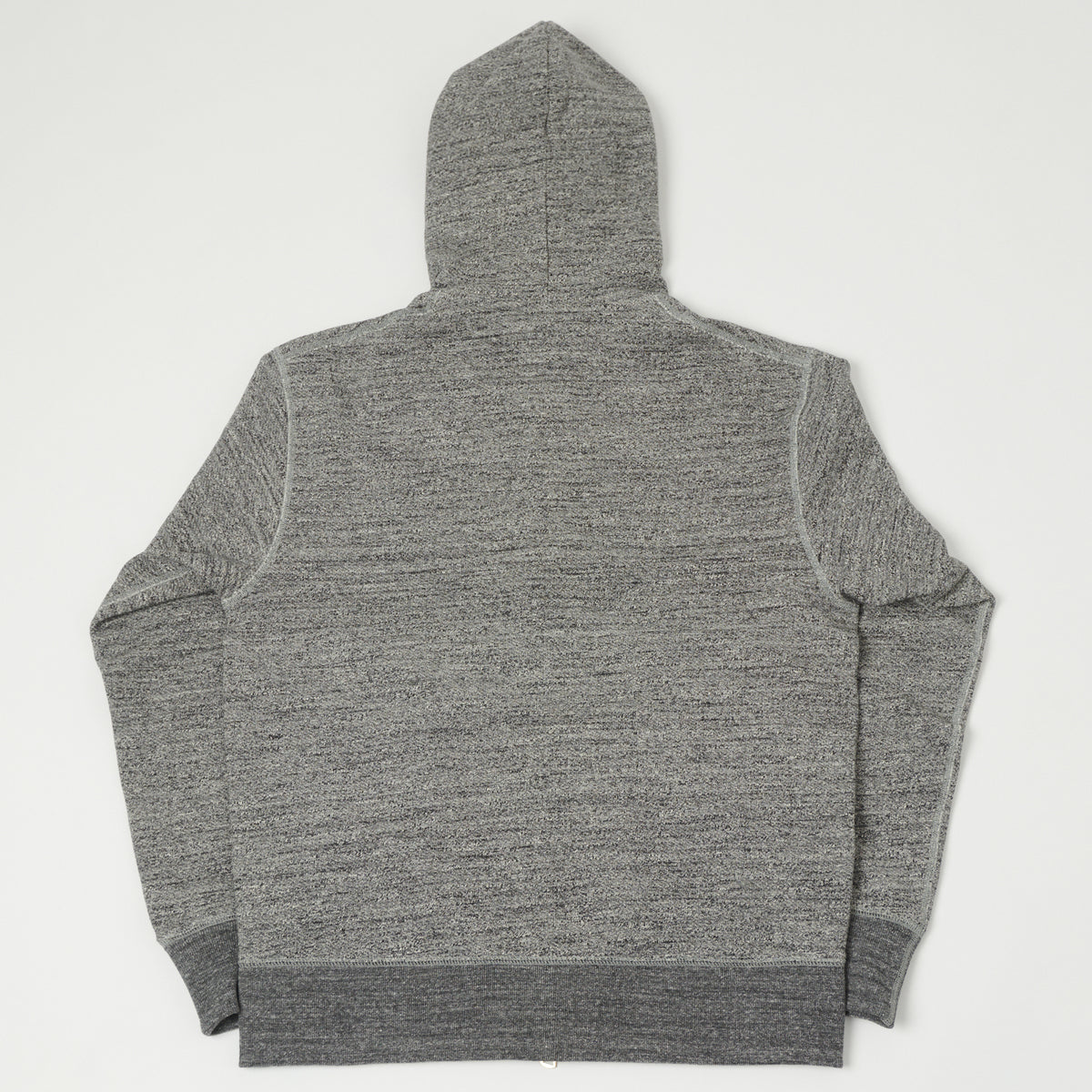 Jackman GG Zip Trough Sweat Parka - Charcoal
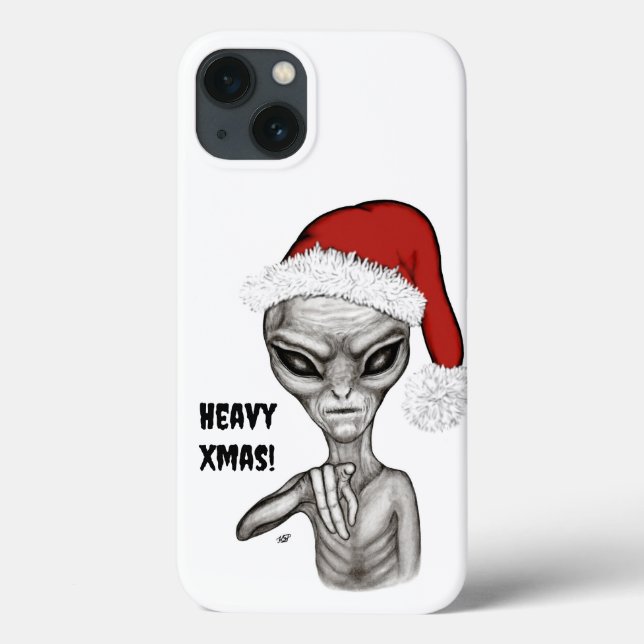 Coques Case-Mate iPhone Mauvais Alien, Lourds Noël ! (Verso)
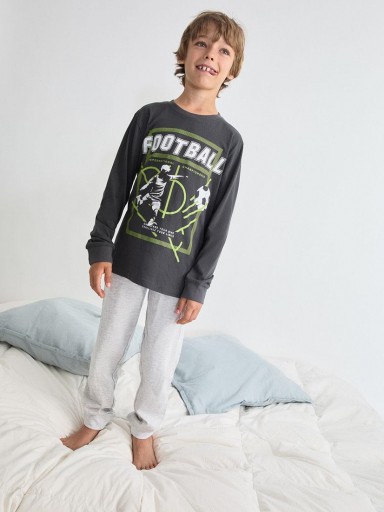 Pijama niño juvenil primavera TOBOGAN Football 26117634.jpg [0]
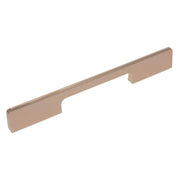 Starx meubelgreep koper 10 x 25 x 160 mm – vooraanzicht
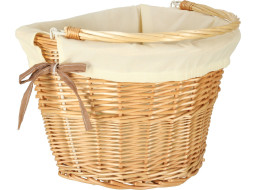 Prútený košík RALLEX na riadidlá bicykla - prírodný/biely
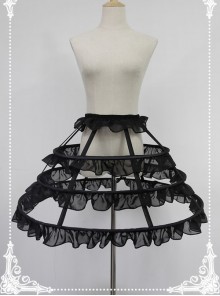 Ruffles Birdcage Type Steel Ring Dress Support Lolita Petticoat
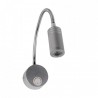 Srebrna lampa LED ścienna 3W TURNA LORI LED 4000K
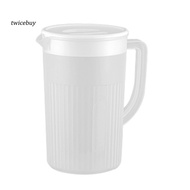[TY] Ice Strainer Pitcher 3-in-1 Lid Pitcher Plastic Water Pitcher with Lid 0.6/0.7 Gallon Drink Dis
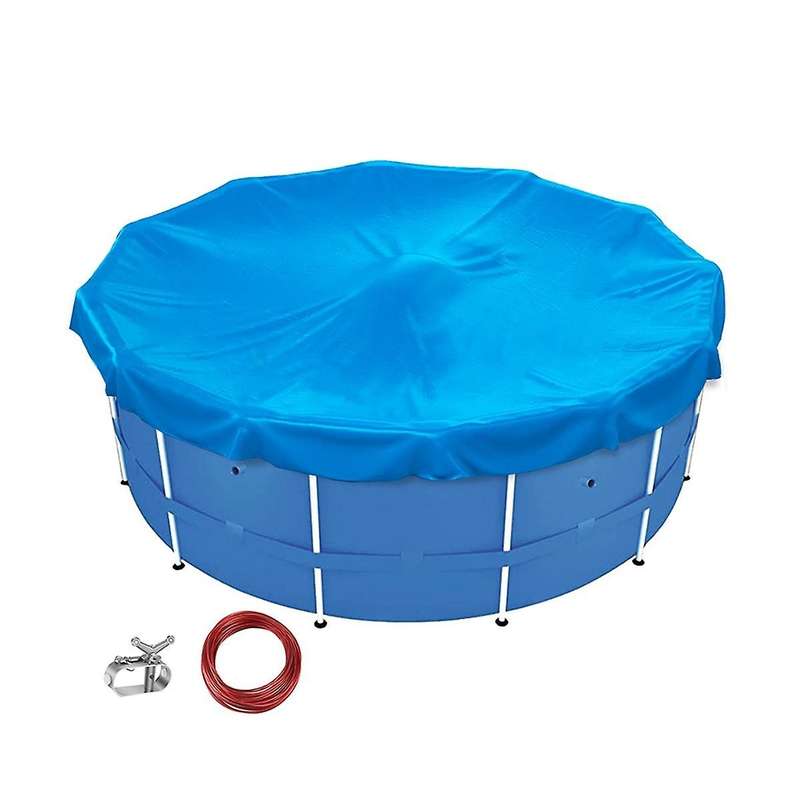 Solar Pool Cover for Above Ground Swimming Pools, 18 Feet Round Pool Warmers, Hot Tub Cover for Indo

● ● ● ● ● ● ●

_What is being asked_:
The required answer is an exact, picture-free copy of the lines from the opening of the listing above through the line with "Srebrna lampa LED".

_Answer space_:
 Jackman GG Zip Trough Sweat Parka - Charcoal
 Coques Case-Mate iPhone Mauvais Alien, Lourds Noël ! (Verso)
 Pijama niño juvenil primavera TOBOGAN Football 26117634.jpg [0]
 Starx meubelgreep koper 10 x 25 x 160 mm – vooraanzicht
 Prútený košík RALLEX na riadidlá bicykla - prírodný/biely
 Ruffles Birdcage Type Steel Ring Dress Support Lolita Petticoat
 Srebrna lampa LED ścienna 3W TURNA LORI LED 4000K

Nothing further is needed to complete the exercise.